Dredging is underway at Ingleside, on the bay at Port Aransas, to allow for supertankers and to build berths across the ship channel. This is because the Port Authority of Corpus Christi plans to build a crude oil loading terminal and desalinization plant on nearby Harbor Island.
But local protests have now got underway in opposition to this plan. The channel is already used by about 4,900 barges and 1,900 large ships a year, but is now being made suitable for VLCCs. Plans for the island include berths for four VLCCs and dredging a deep channel 10 miles into the Gulf of Mexico.

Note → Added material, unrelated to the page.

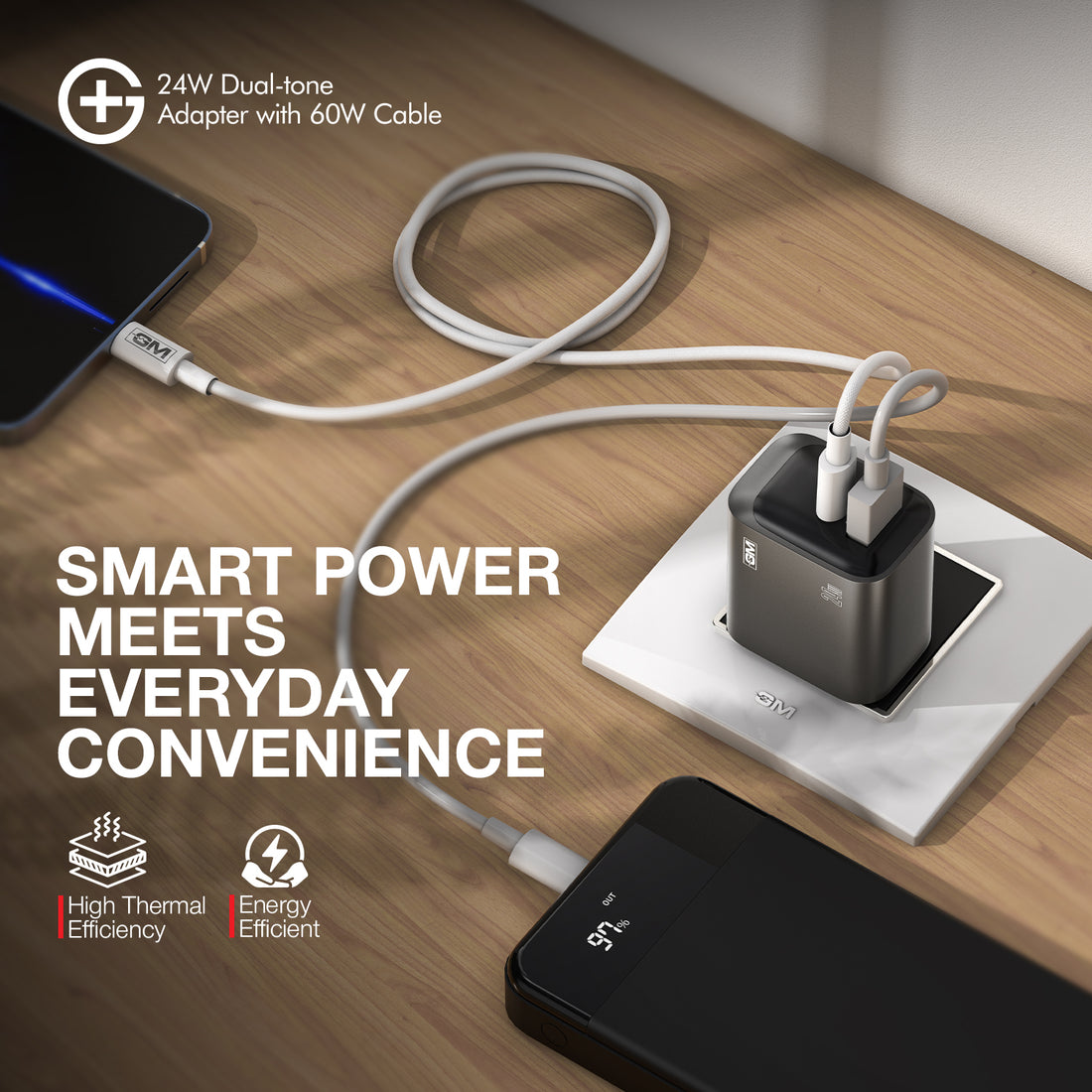 G+ Dual Tone (USB-A+C) PD Adapter - 24W with USB C-C Cable 60W (BLACK)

Sean Strawbridge, CEO of the Port Authority of Corpus Christi, said: “Harbor Island has a long and rich history of industrial development. It was once the largest crude marine terminal in the world.”

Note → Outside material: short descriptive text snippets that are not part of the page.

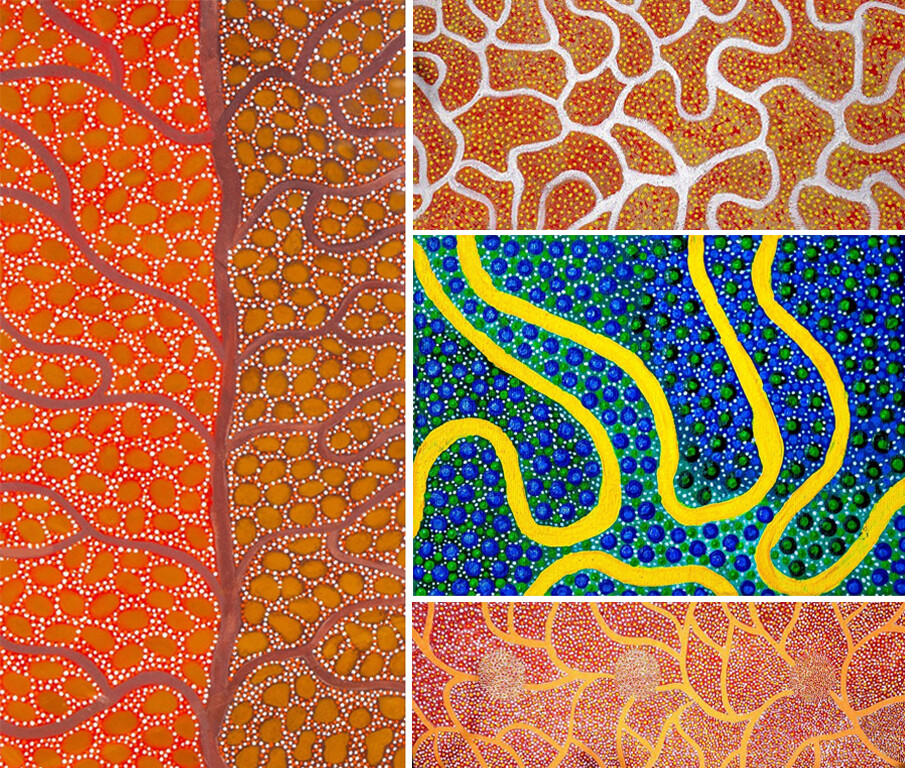 Four paintings by Bianca Long. They reflect the flow of rivers and paths of the land with long flowy lines.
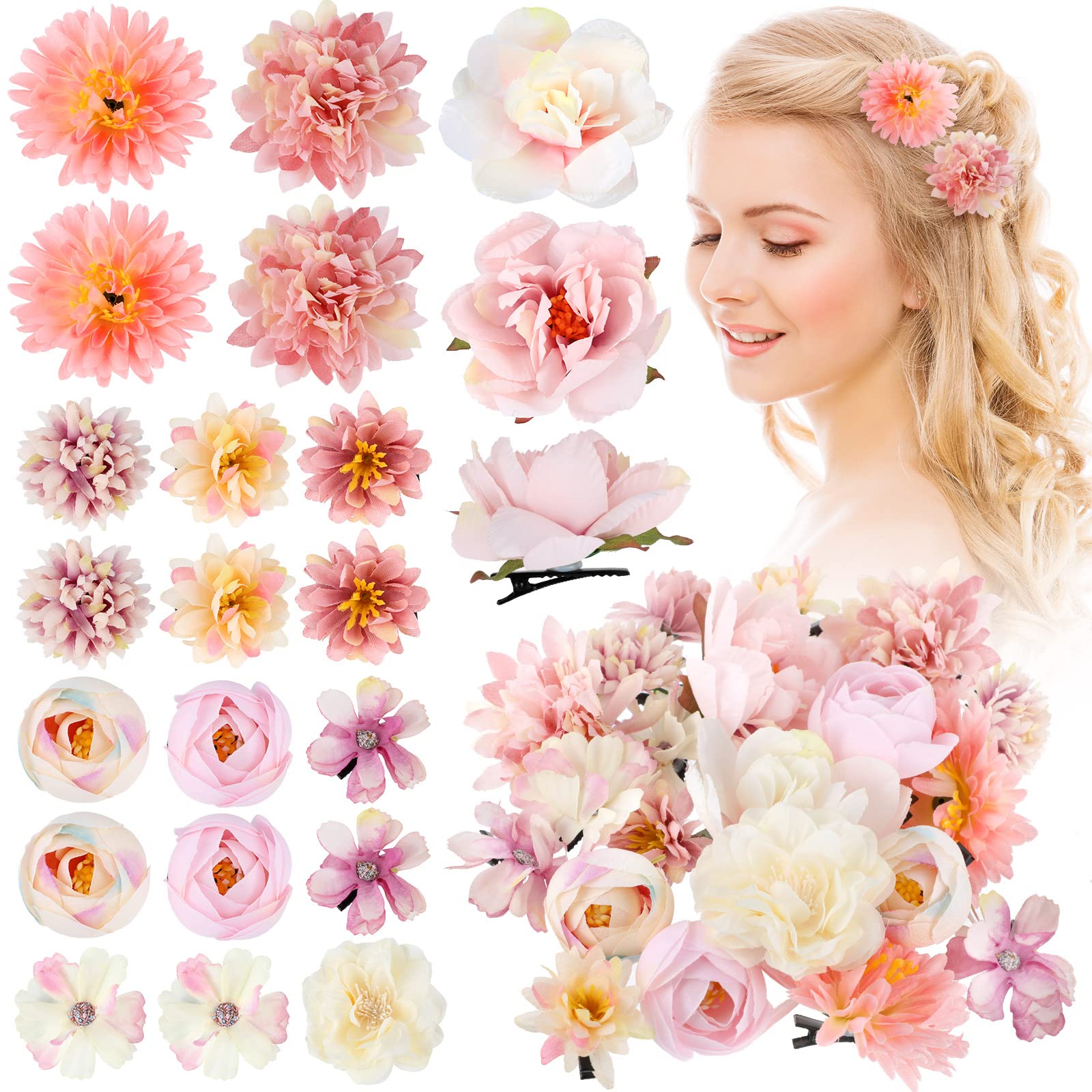 BBTO Flower Hair Clip Rose Hair Clips Barrettes for Women Flower Accessories Boho Bride Claw Clip Hairpin Brooch Pin Headpiece for Wedding(Beige Orange Series,21 Pcs)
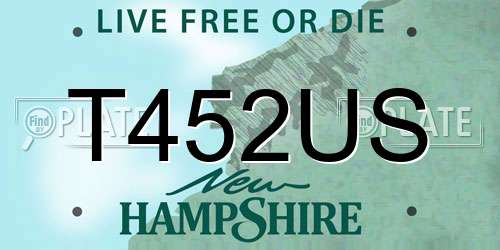 T452US New Hampshire License Plate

Its stated objective is now to become ‘the energy port of the Americas’. The port, which has experienced tremendous growth since the US lifted the ban on exporting oil in 2015, is now flush with ambition, projects and cash.
About 2.2 million barrels of oil, most of it piped in from the Permian Basin and Eagle Ford shale plays, moves through the port every day. The volume could more than double when plans go ahead: “In our view, 5 million barrels a day is the target for Corpus Christi,” said Strawbridge.
The port has already signed a deal with Lone Star Ports to operate one VLCC loading terminal on Harbor Island. Another company, Axis Midstream of Houston, also intends to build a terminal on the island.